Bhakti Movement and Spreading of Tamil Literature
The saints, which even included women, spoke and wrote in vernacular languages such as Tamil and Telugu. The saints traversed through out the country to preach the message of devotion and love among people, irrespective of caste, colour and creed. Since the 7th century the Nayanmars and Alvars of the Shaiva and Vaishnava sects of Hinduism went to numerous temples and sang about the magnificence of the presiding deities with the objective to speak for their respective sects in the Tamil land.

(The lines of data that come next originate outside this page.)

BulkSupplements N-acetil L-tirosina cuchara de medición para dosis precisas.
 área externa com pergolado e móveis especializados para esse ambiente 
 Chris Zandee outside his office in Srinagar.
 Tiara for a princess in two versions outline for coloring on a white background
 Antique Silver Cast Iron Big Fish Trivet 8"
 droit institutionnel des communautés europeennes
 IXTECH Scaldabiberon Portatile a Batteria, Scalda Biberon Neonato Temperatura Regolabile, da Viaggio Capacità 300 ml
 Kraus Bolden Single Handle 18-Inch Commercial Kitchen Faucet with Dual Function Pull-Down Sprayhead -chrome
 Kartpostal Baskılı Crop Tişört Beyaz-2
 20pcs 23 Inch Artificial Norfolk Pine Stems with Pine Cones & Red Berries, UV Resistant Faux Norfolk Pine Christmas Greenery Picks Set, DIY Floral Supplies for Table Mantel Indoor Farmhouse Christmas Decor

The Alvars and the Nayanmars used the fine arts such as poetry, music, dance and drama to propagate the Bhakti movement in the nation. The saints believed that family life and the performance of a vocation were not a restriction for the realisation of enlightenment. But they definitely stressed that the mind should be instilled with the spirit of God. Due to this realistic view, the Bhakti movement helped the various temples to evolve as centres of fine arts. The metrical compositions of the Alvars and the Nayanmars in Tamil also supported the Bhakti movement in gaining popularity.
Role of Songs in Bhakti Movement
The poignant devotional songs were utilised to confine the excessive influence of Jainism and Buddhism in India. Tamil literature and music played a significant role in this movement. The various saints composed many verses and songs praising Lord Shiva and Lord Vishnu. Saint Cuntarar believed Lord Shiva was the embodiment of the 7 ragas and the soul of music. Saint Tirunanacampantar promulgated Tamil through music. Saint Tirunavukkaracar is another renowned leader of the Bhakti movement who disseminated Tamil and music.
For the Shaivites the musical compositions of Tirumular and Karaikkal Ammaiyar indicated the initiation. In case of the Vaishnavites the fore-runners of Bhakti movement were Peyalvar, Puttatalvar and Poikaiyalvar. Some of the other renowned poet saints of the Bhakti movement include Tirunavukkaracar, Nanacampantar, Campantar, Cuntarar and many others.